Our research focuses on a recurrent sophisticated linguistic phenomenon (and a form of speech act) that makes use of figurative language to implicitly convey contempt through the incongruity [
3] between text and context: the sarcasm. Its highly figurative nature has caused sarcasm to be identified as one of the most challenging tasks in natural language processing [
4], and has attracted significant attention in recent years along two lines of research: (1) understanding sarcasm from different online platforms by creating novel datasets [
5,
6,
7,
8,
9,
10]; and (2) designing approaches to effectively detect sarcasm from textual data. Although many previous works on this task focused on approaches based on feature engineering and standard classifiers such as Support Vector Machines to extract lexical cues recurrent in sarcasm [
6,
11,
12], more recent works [
13,
14,
15] have started to explore deep neural networks for sarcasm detection in order to capture the hidden intricacies from text. Still, despite substantial progress on sarcasm detection, the research results are scattered across datasets and studies.
In this paper, we aim to further our understanding of what works best across several textual datasets for our target task: sarcasm detection. To this end, we present strong baselines based on BERT pre-trained language models [
16]. We further propose to improve our BERT models by fine-tuning them on related intermediate tasks before fine-tuning them on our target task so that inductive bias is incorporated from related tasks [
17]. We study the performance of our BERT models on three datasets of different sizes and characteristics, collected from the Internet Argument Corpus (IAC) [
11], Reddit [
18], and Twitter [
7].
Table 1 shows examples of sarcastic comments from each of the three datasets. As we can see from the table, the dataset constructed by Oraby et al. [
11] contains long comments, while the other two datasets have comments with fairly short lengths. Our purpose is to analyze the effectiveness of BERT and intermediate-task transfer learning with BERT on the sarcasm detection task and find a neural framework able to accurately predict sarcasm in many types of social platforms, from discussion forums to microblogs.

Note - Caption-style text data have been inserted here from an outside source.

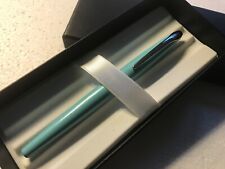 BNIB CROSS ATX ROLLERBALL PEN IN A BEAUTIFUL PEARLESCENT TEAL FINISH,CHROME TRIM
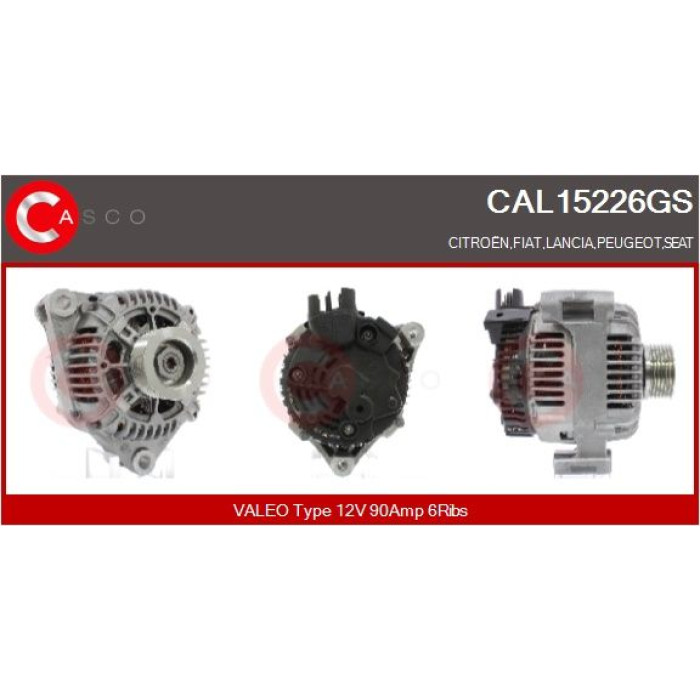 CASCO Generator CAL15226GS CASCO Generator CAL15226GS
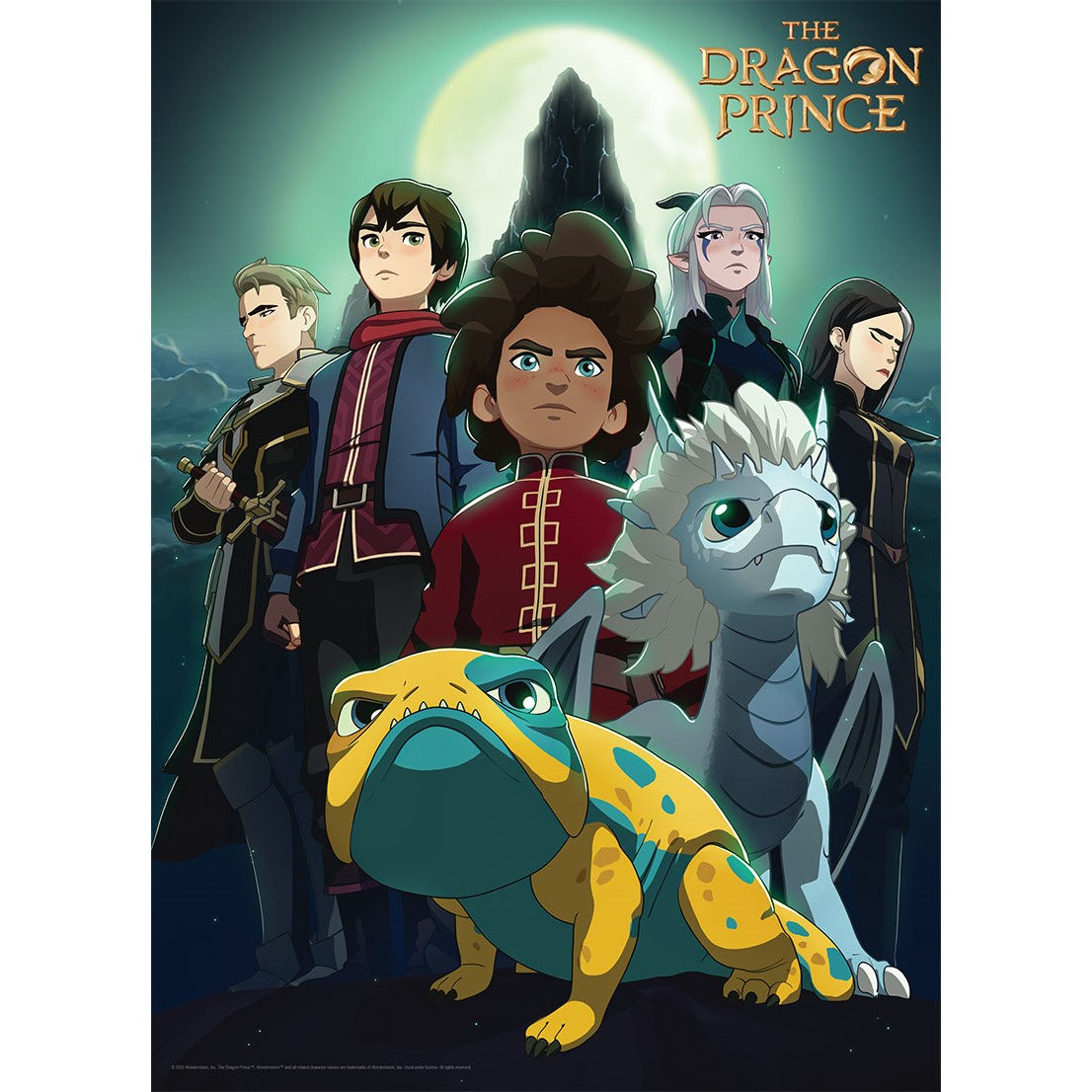 The Dragon Prince Heroes at the Storm Spire 1000 Piece Jigsaw - Good Games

Our contributions are summarized as follows:
We show that sarcasm detection results are scattered across multiple papers, which makes it difficult to assess the advancements and current state-of-the-art for this task.
We establish strong baselines based on BERT pre-trained language models for this task. Our analysis is based on experimental results performed on three sarcasm datasets of different sizes (from small to large datasets) and covering different characteristics captured from various social platforms (from the Internet Argument Corpus to Reddit and Twitter).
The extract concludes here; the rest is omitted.